■ EXERCISE BRIEF ■
Beginning with the line that contains "Photos of the", copy each subsequent line of the data below through the last one, including both ends but not the pictures.

■ RECORDS PROVIDED ■

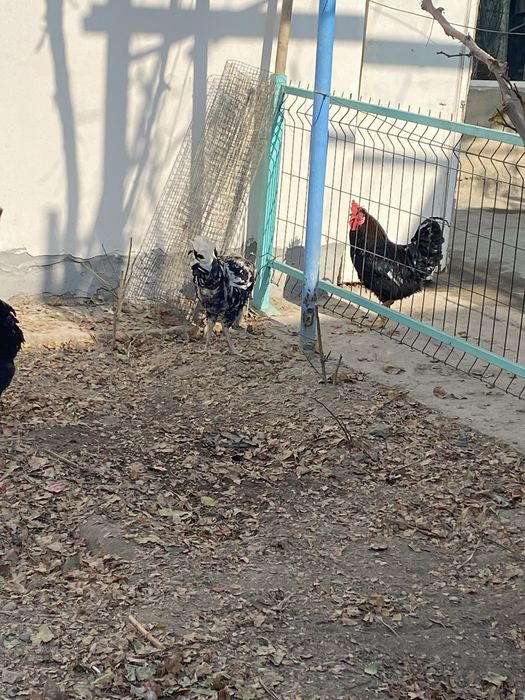 Домашние петухи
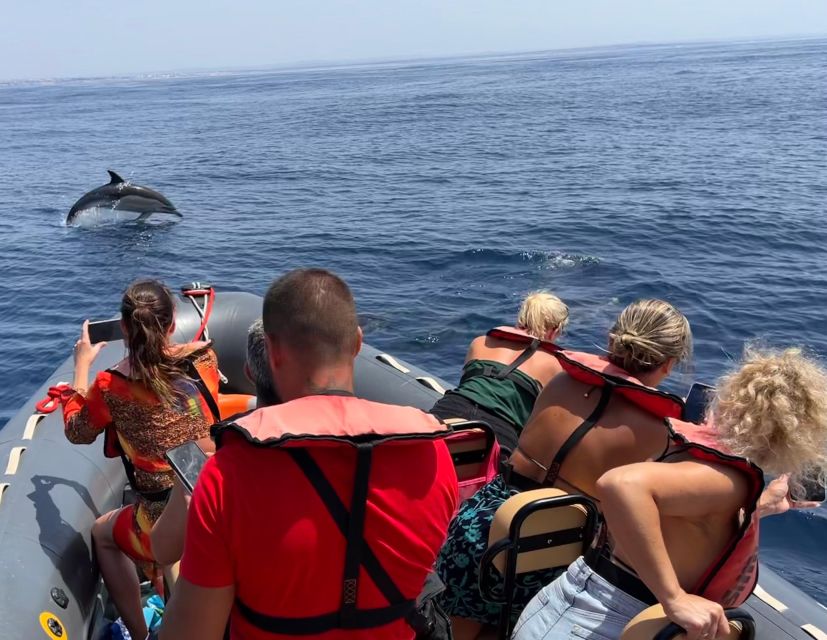 Lagoa: Dolphins Expedition with biologist guide on board - The 10-Minute Safety Briefing and Why the Boat Matters
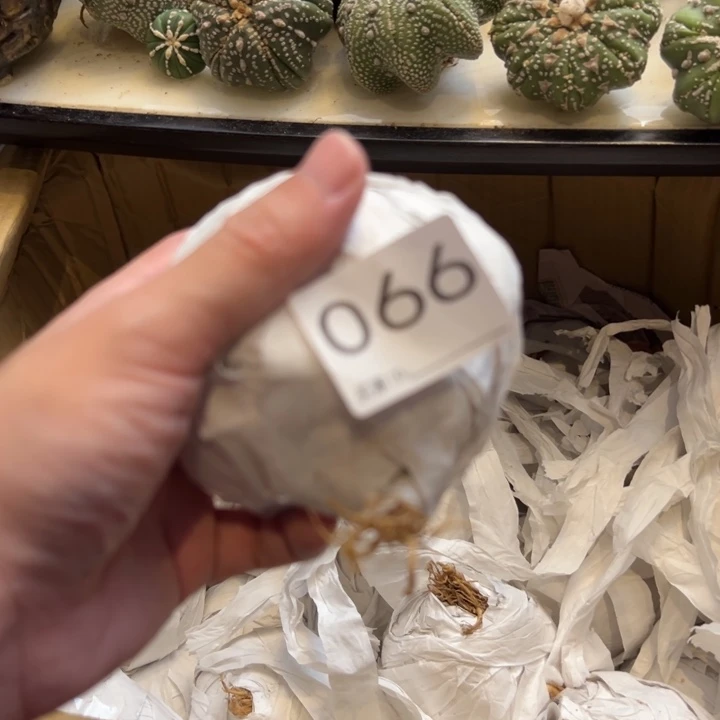 兜星球仙人球066号球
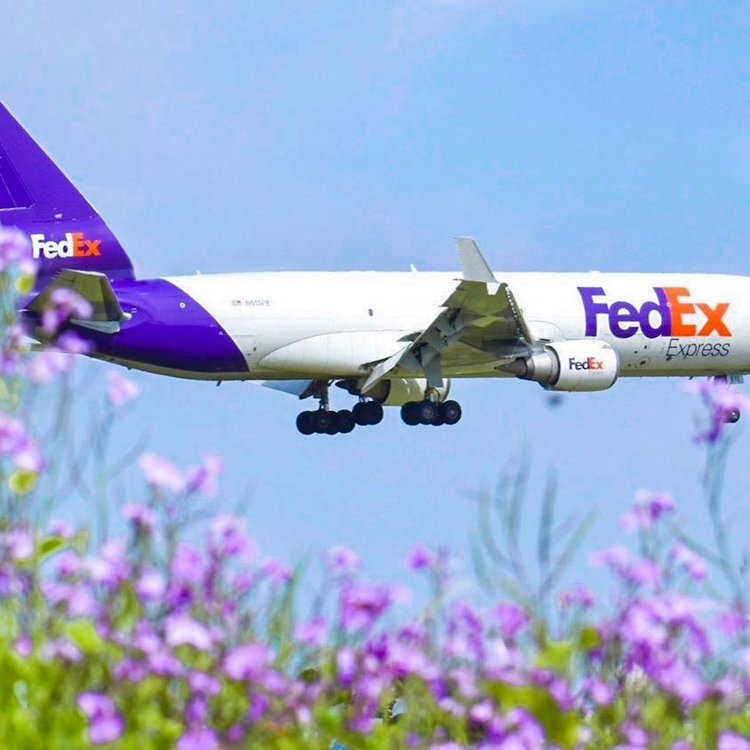 FedEx國際快遞官網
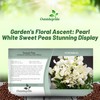 Outsidepride Pearl White Sweet Pea Seeds - 100 Pcs Perennial,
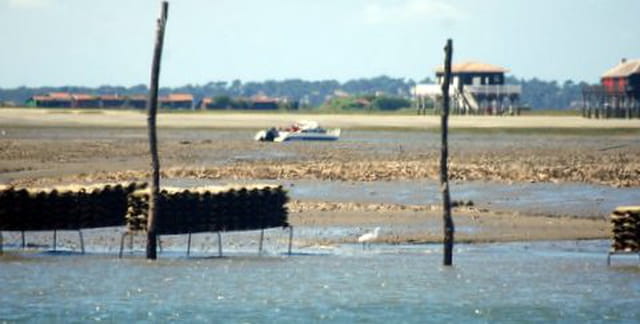 l'île aux oiseaux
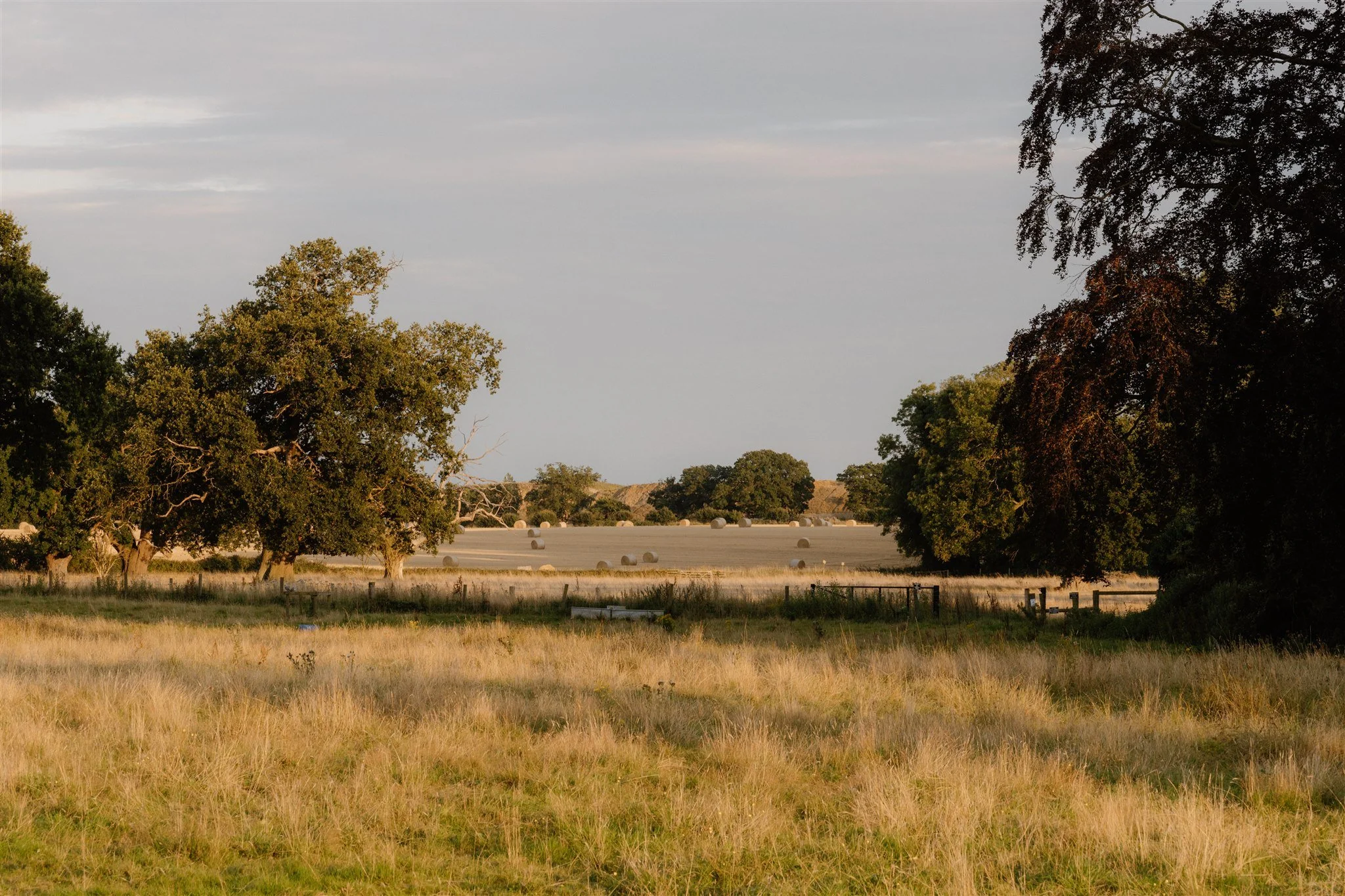 A rural scene with trees, a field, and round hay bales, with a cloudy sky above.
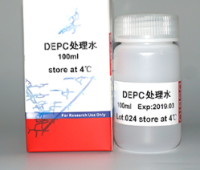 DEPC处理水（RNase-free）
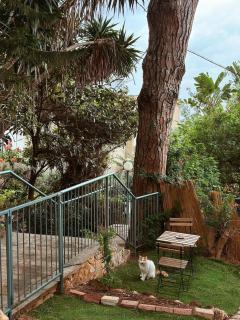 Garden of Eden Accommodation Unit in the heart of Carmel - Haifa - 3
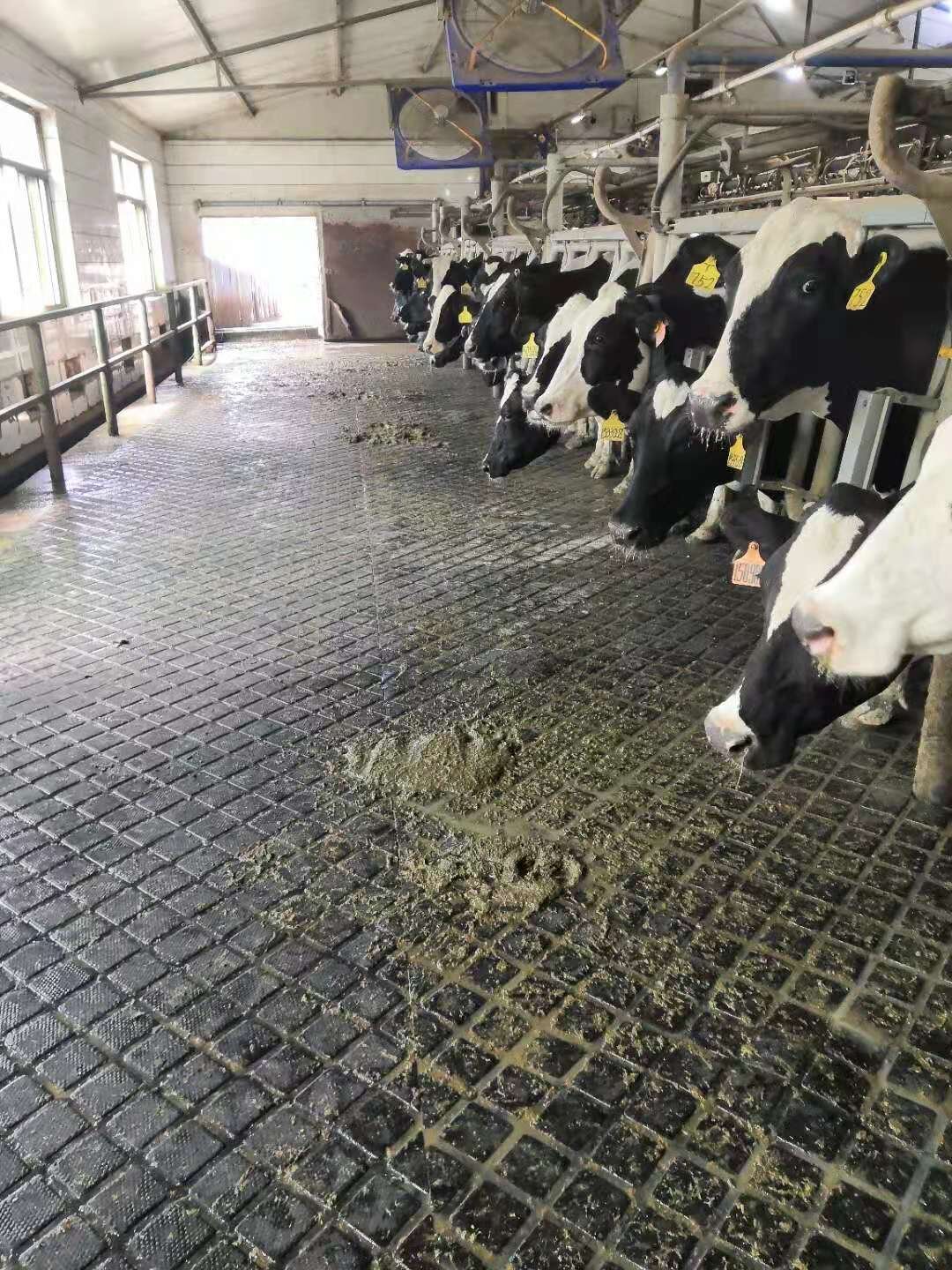 Photos of the flooring installed on a farm (2).jpg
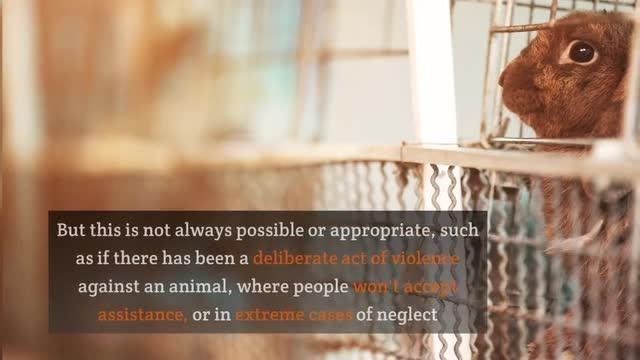 Mutant 'porn star' fleas with huge penises set to invade Sheffield homes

■ ANSWER SECTION ■
 Photos of the flooring installed on a farm (2).jpg
 Mutant 'porn star' fleas with huge penises set to invade Sheffield homes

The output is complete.